◆ DATA UNDER STUDY:
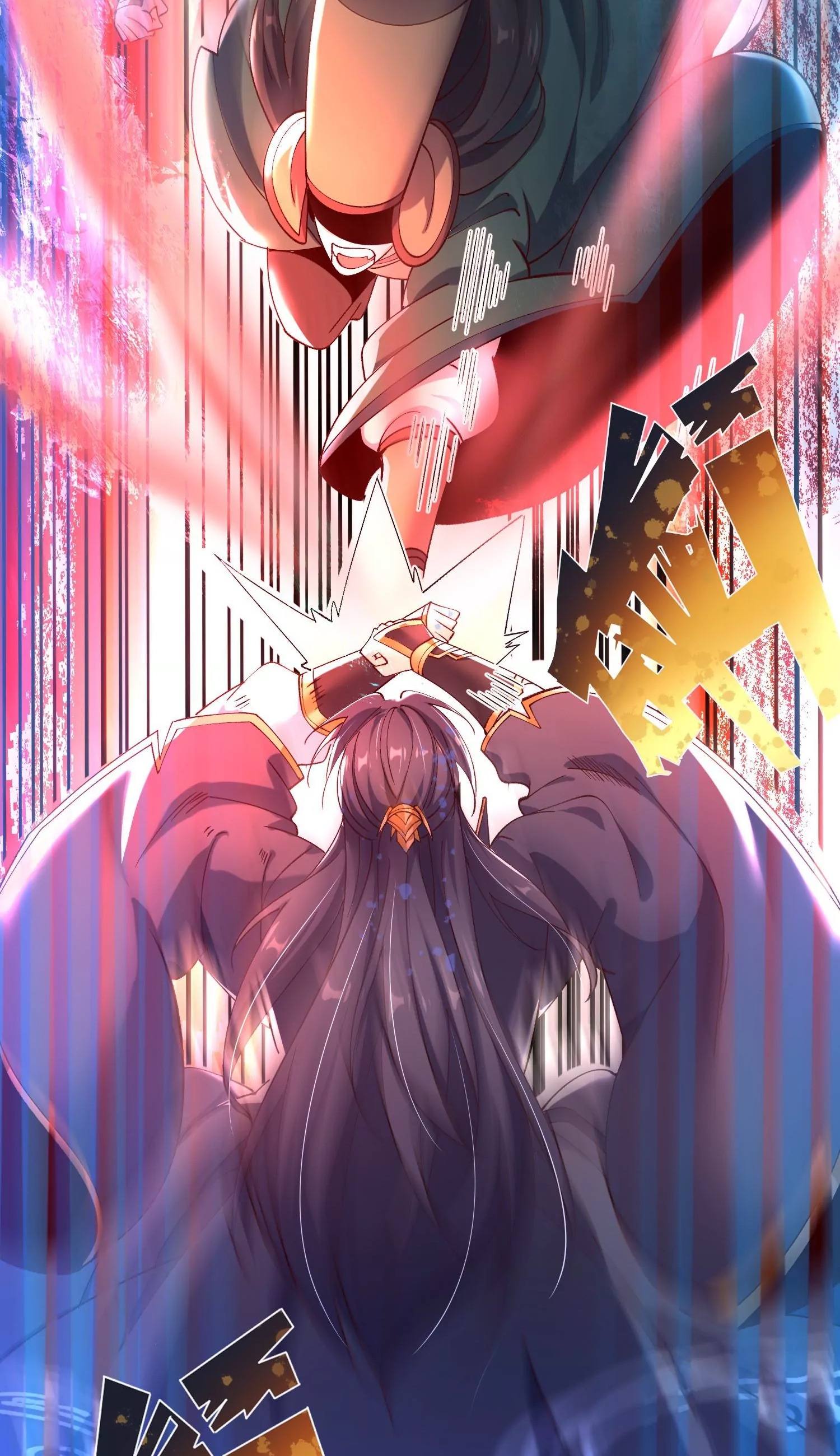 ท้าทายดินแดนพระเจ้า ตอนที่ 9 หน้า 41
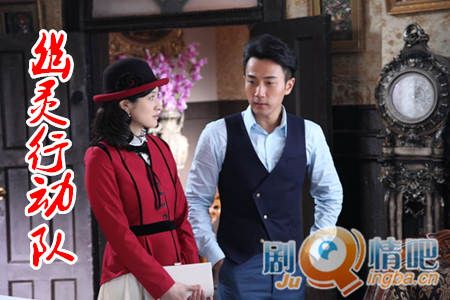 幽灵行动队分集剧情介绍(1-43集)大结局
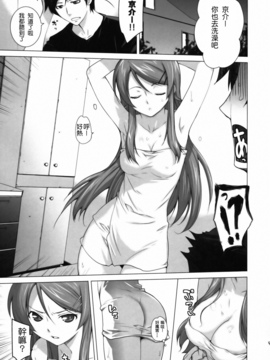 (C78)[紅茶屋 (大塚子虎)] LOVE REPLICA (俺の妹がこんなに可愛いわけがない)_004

...

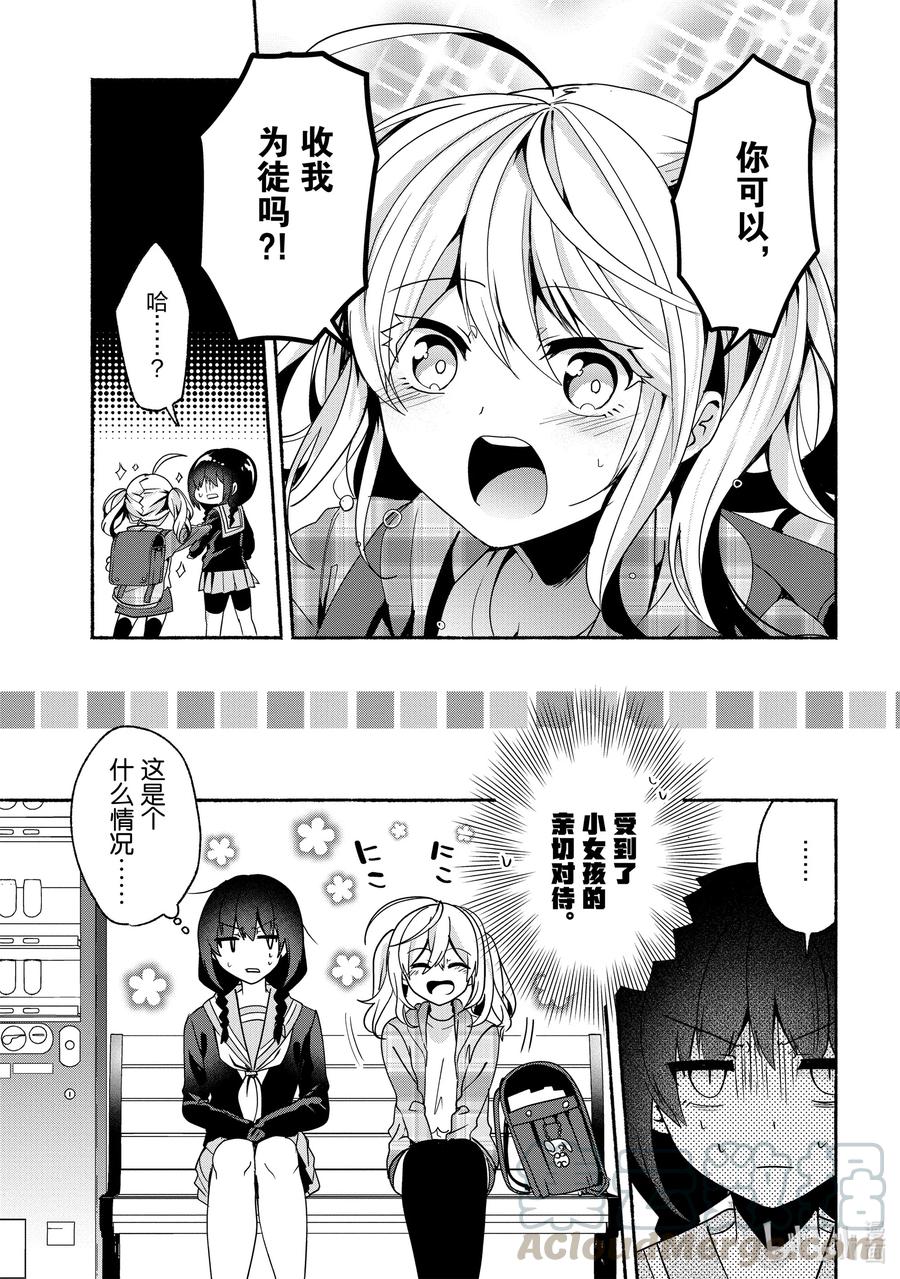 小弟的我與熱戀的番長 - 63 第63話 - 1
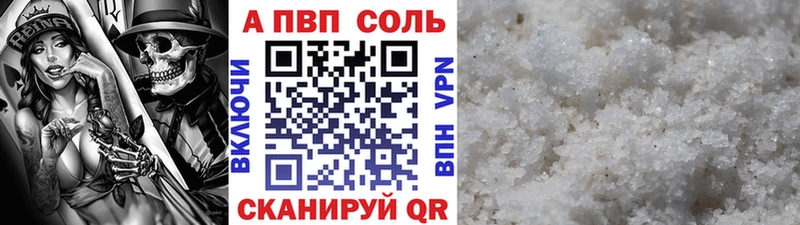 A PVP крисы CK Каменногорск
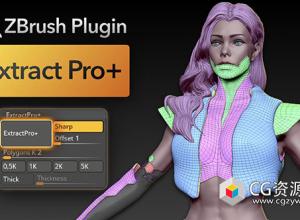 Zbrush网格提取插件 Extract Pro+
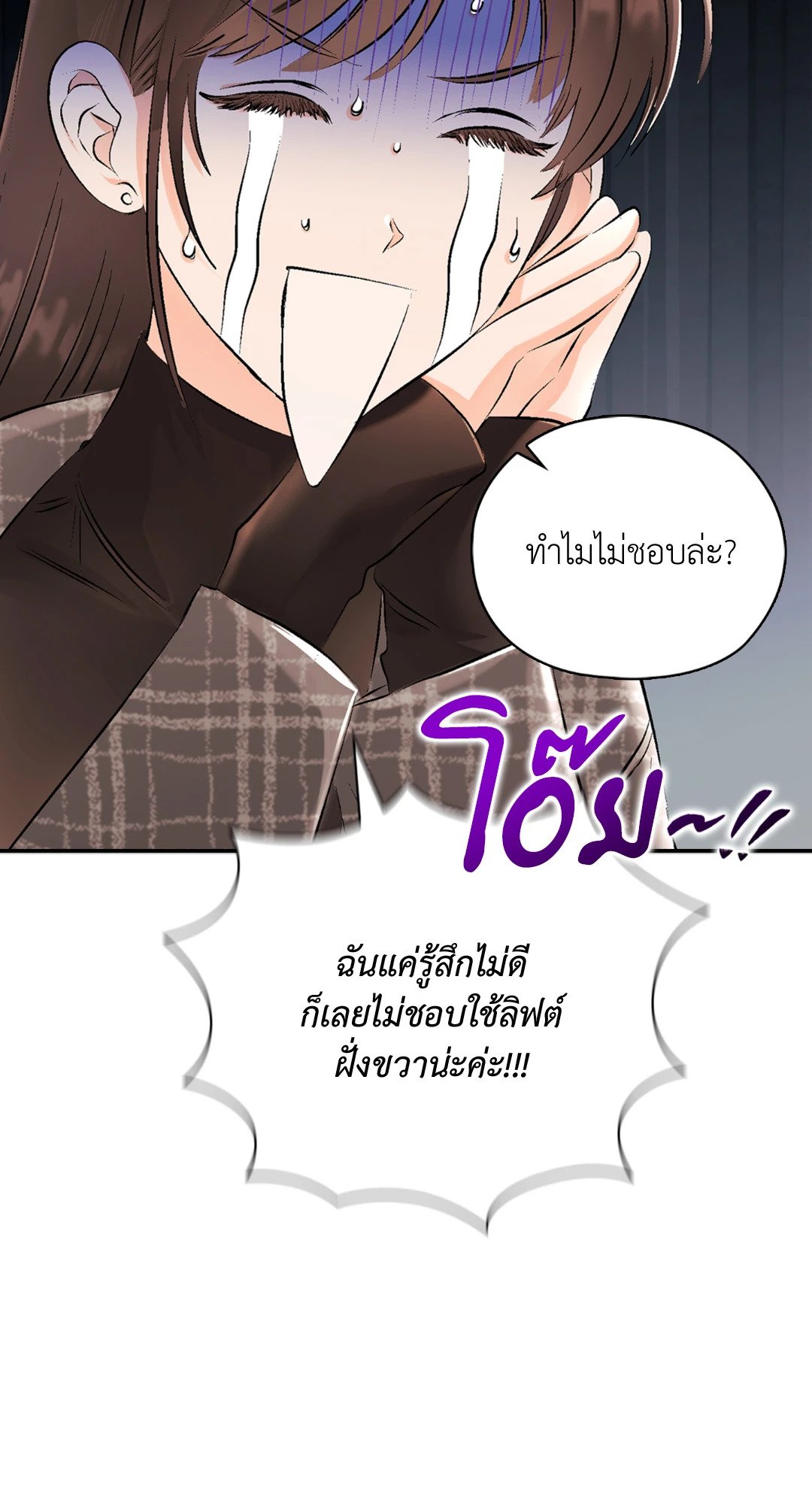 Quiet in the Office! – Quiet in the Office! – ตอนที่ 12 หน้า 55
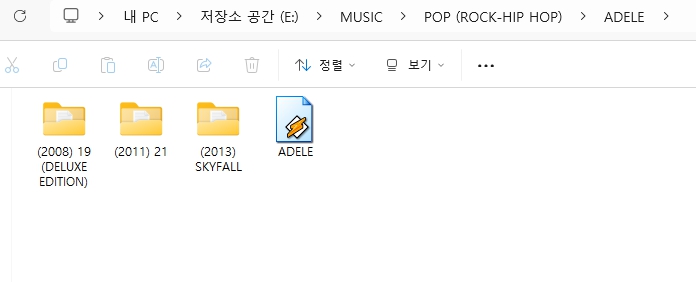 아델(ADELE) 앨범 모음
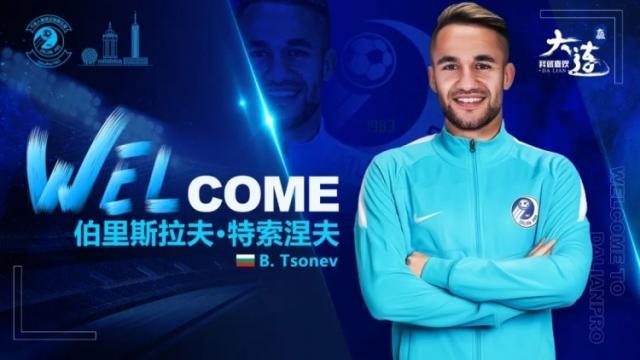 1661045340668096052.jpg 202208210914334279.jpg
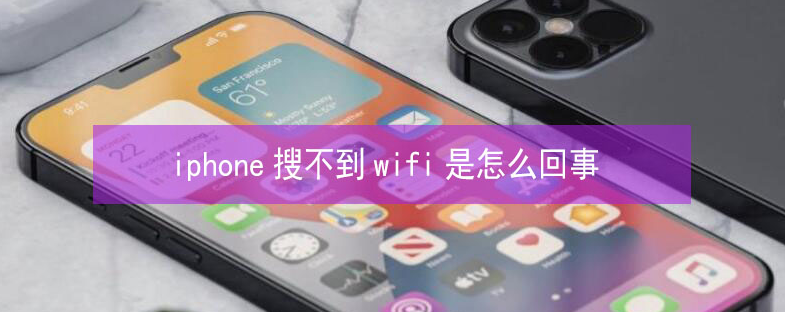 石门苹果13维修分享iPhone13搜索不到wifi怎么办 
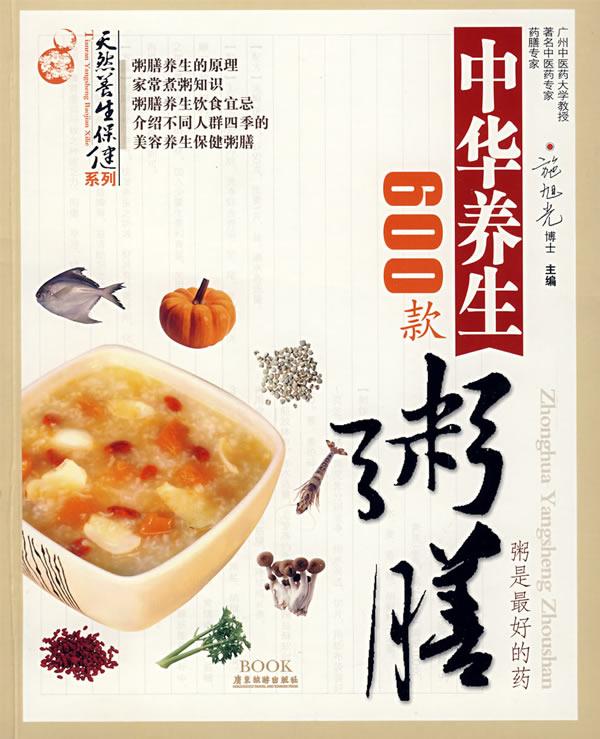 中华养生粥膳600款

---

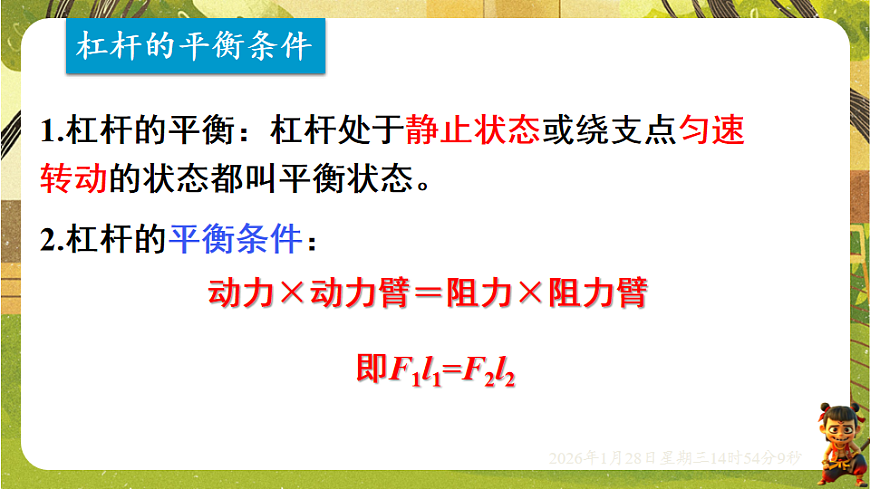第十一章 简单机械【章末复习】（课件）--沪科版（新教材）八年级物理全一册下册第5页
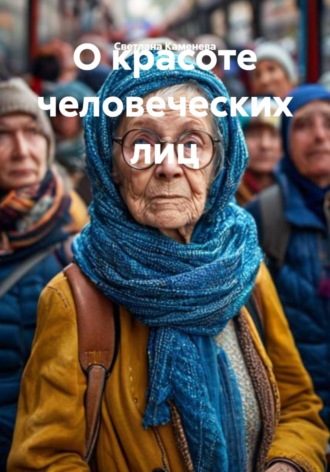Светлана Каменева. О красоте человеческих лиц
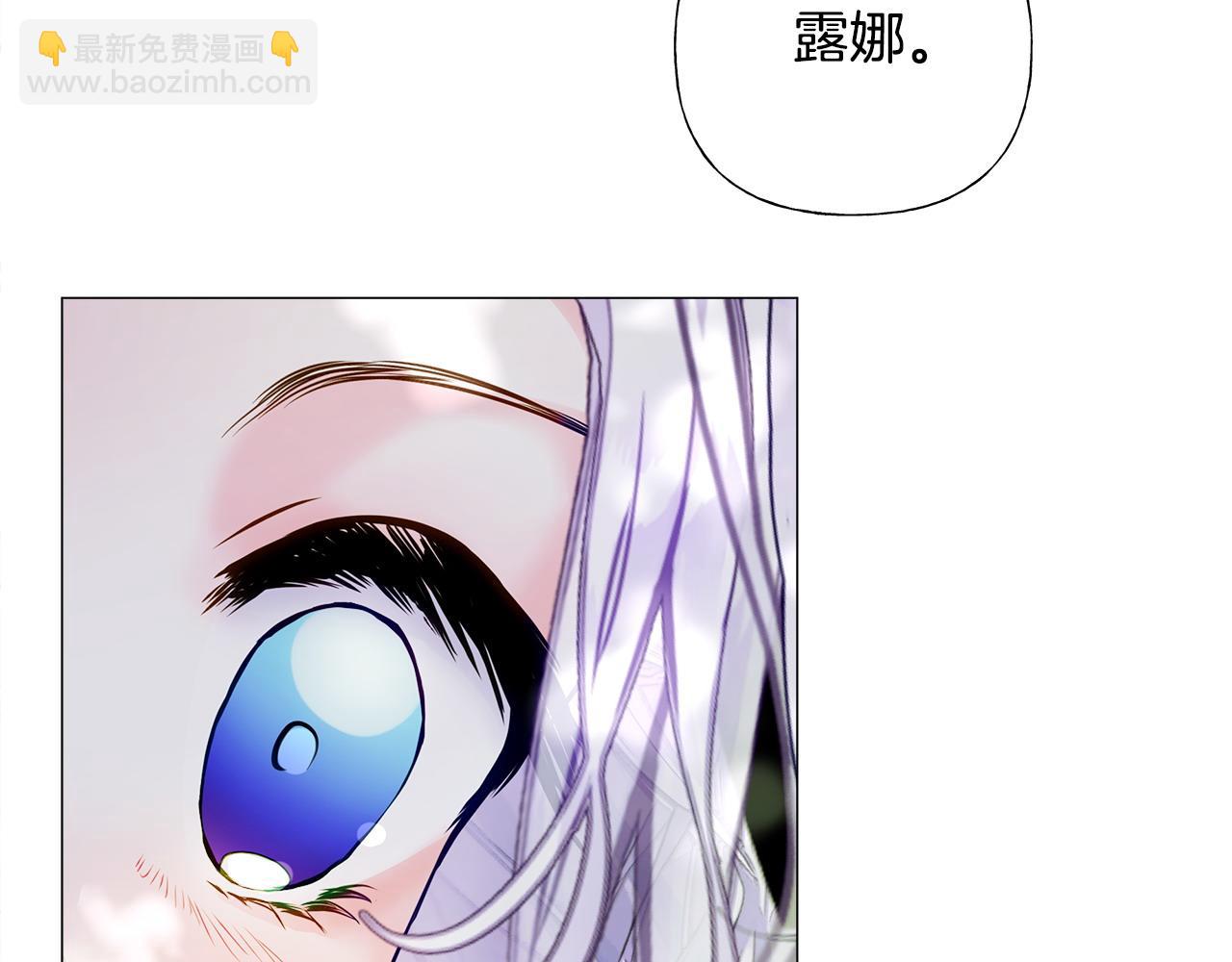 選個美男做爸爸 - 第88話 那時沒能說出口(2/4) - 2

◆ PROBLEM DETAILS: For this task, return exactly the stretch of the listing above from the line with "ท้าทายดินแดนพระเจ้า ตอนที่ 9 หน้า 41" through the line with "(C78)[紅茶屋 (大塚子虎)] LOVE", inclusive and without pictures.

◆ RESPONSE BELOW:
 ท้าทายดินแดนพระเจ้า ตอนที่ 9 หน้า 41
 幽灵行动队分集剧情介绍(1-43集)大结局
 (C78)[紅茶屋 (大塚子虎)] LOVE REPLICA (俺の妹がこんなに可愛いわけがない)_004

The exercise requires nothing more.